About this exercise - Repeat only the lines below from the one that contains "durmakta güçlük çekti" through the final line, exactly. Omit pictures.

Collected data -
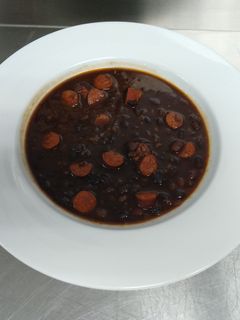 Una foto de Habichuelas negras con chistorras y pimientos ahumados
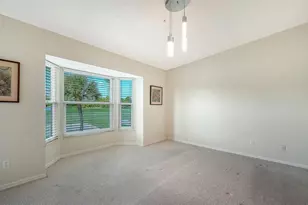 9641 Castle Point Dr, Sarasota, FL 34238 - Photo 25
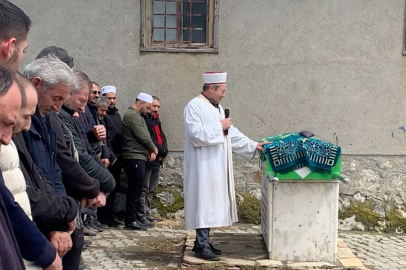 Çorum'da "köyün neşesi" engelli genç herkesi gözyaşlarına boğdu: İmam ayakta durmakta güçlük çekti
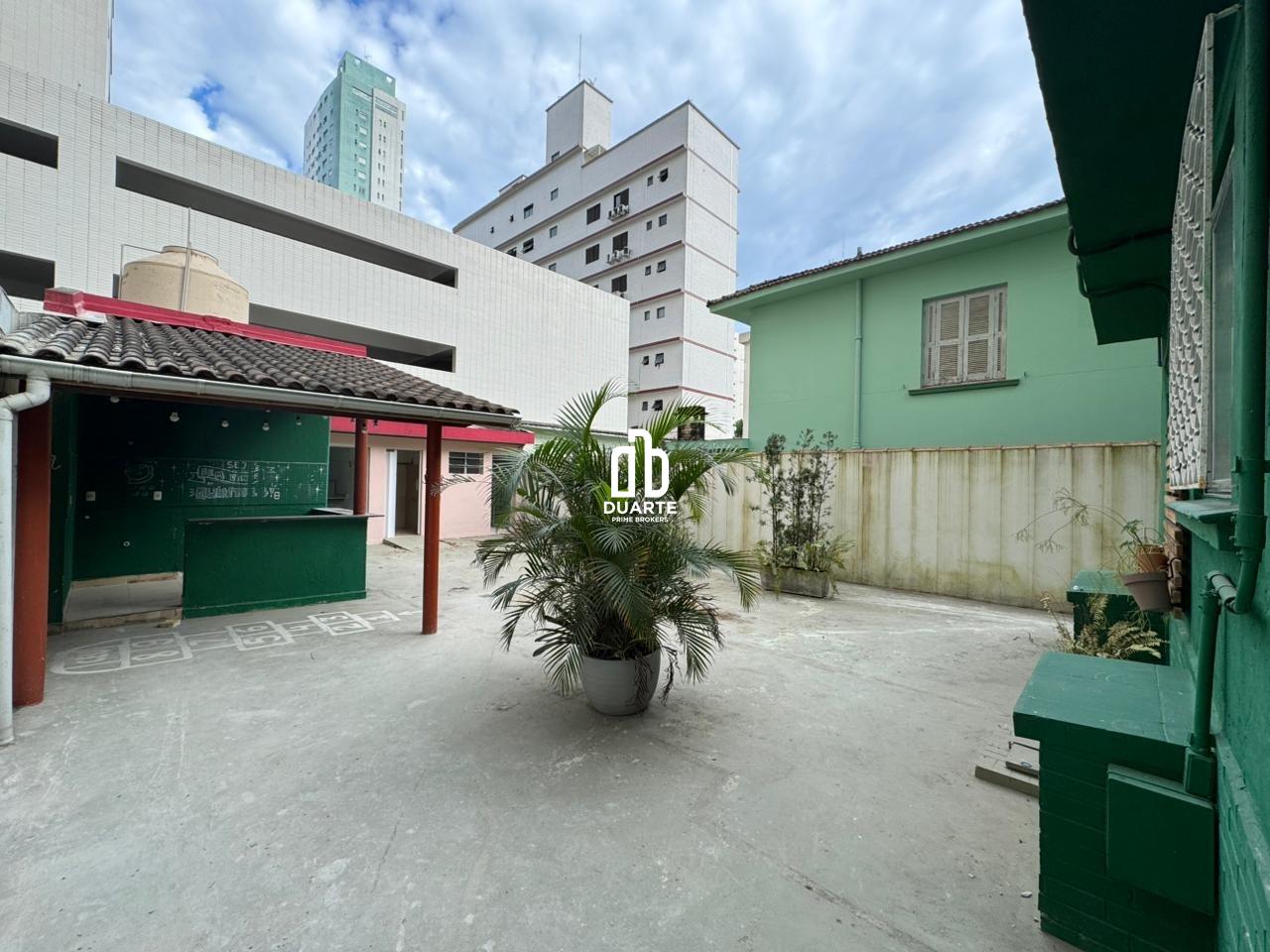 Sobrado à venda no APARECIDA:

Result of this task -
 Çorum'da "köyün neşesi" engelli genç herkesi gözyaşlarına boğdu: İmam ayakta durmakta güçlük çekti
 Sobrado à venda no APARECIDA:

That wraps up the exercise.